Even seeking refuge in a country further away from the conflict is a challenge.

“I've tried several times where I have him escape Gaza to Egypt. Now the Egyptians are asking every person across the border to pay $5,000 for each person leaving Gaza. So in other words, either you pay $5,000 to get to exit Egypt and be safe, or if you don’t have any money, stay in Gaza and die,” Abuolba said. “I got my brother, his wife too. He's got three kids. Five people. So five people took about $25,000 just to enter Egypt. We don’t have that kind of money. We don’t. I got kids. I got two children. Got to pay for private school. I got bills to pay. I just don’t have the kind of money laying round to pay Egyptians to let my brother enter.”

The cost of their combined family members to cross the border adds up to more than $80,000. However, paying these dues still wouldn’t guarantee their family members safety because it’s dangerous to travel anywhere for too long, especially without supplies needed to survive, and from Egypt, Palestinians would need to continue on to Jordan, where they can obtain a green card. That would cost additional money, plus the cost of traveling to the U.S.
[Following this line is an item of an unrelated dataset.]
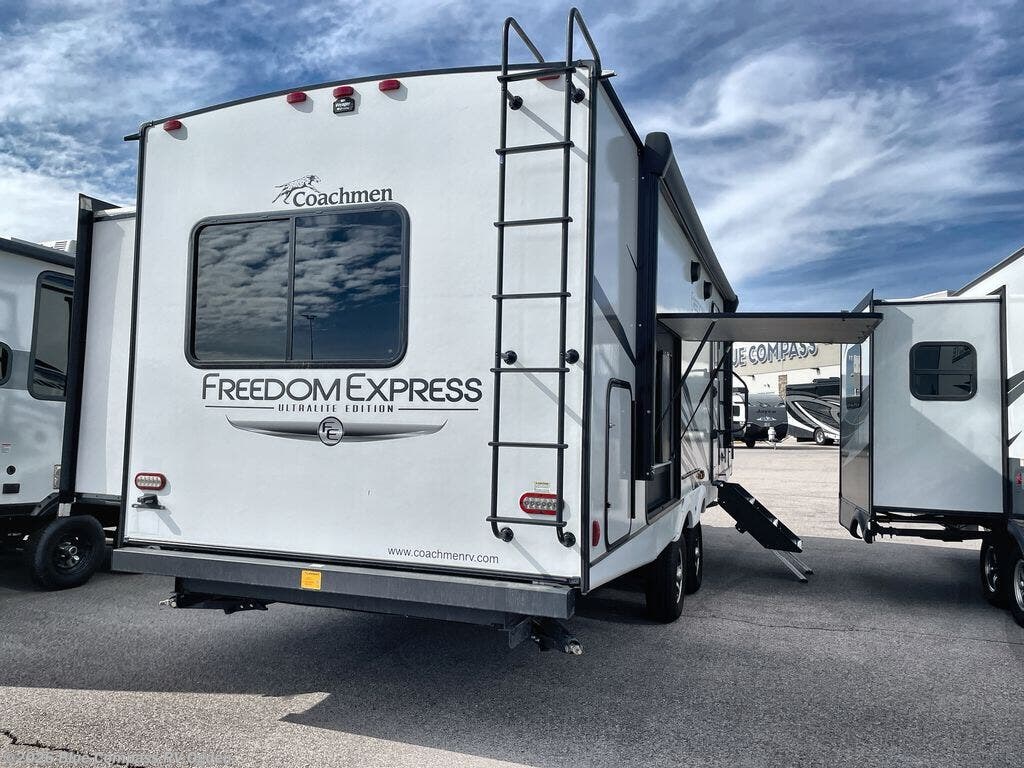 2023 Coachmen Freedom Express 259FKDS - Used Travel Trailer For Sale by Blue Compass RV Ogden in Marriott-Slaterville, Utah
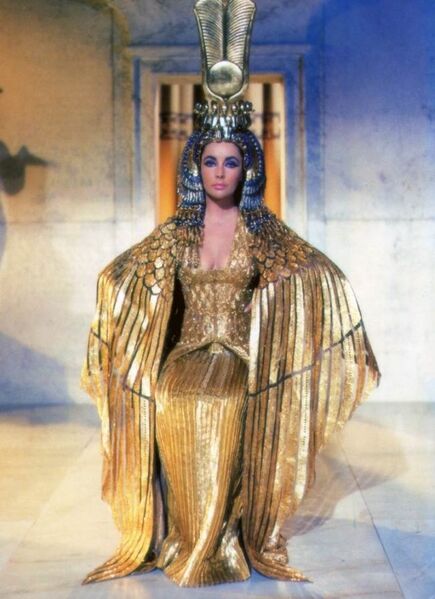 Файл:Cleopatra dress.jpg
“$25,000 I’m paying just to let them in Egypt. That’s it. So if you want to sleep in Egypt, pay rent, food, this and that, you are on your own. And we can not bring them to the U.S. because they don’t have a visa,” Abuolba said. “Even if my brother goes to the U.S. Embassy, they're going to decline his visa, OK, because no one comes into he United States without getting the green light from the White House. So if my brother exits Gaza, he just sits in Egypt in a safe place until, we’re hoping, the war’s end.”

Abuolba and Nour have two children of their own. Their 4- and 5-year-olds are well aware and fearful from the conflict happening around their loved ones.

“Sometimes they ask me, 'you want to meet your mom? When you and her will come?' And, 'do you think your mom is in danger?' So, they keep asking, they keep asking and I don’t know if everything would be OK, but absolutely, they understand everything,” Nour said.

She recently graduated with her doctorate degree. It was an accomplishment her family was looking forward to celebrating with her in New York. It’s another occasion taken away from them due to the dangers happening in Gaza.

“It is very hard, you know, because we were supposed to celebrate together here. And because I also I got my certification in April, and it was a precise date, but they couldn’t. We couldn’t leave Gaza Strip and leave behind their kids. It’s very hard for them as a mother and father, just to think of all what we are thinking about, just we want to make all my family members, all of the kids safe,” she said. “I remember all of my family members waited for this graduation moment and my father told me we will meet each other. We want to organize big celebrations and all of them were proud of me to reach this point, but, we cannot do it. We don’t care about all of our birthdays, our anniversary days or graduations. We're just waiting. We are just waiting to celebrate with them. We hope that we can meet them again.”

The couple awaits a safe haven for their loved ones, or an end to the war.

“We keep our fingers crossed, you know, to get a couple of people from Gaza to the U.S. as a refugee and get them here safe and stop the war, stop the blood on the street, stop this and that. It’s just too much,” Abuolba said.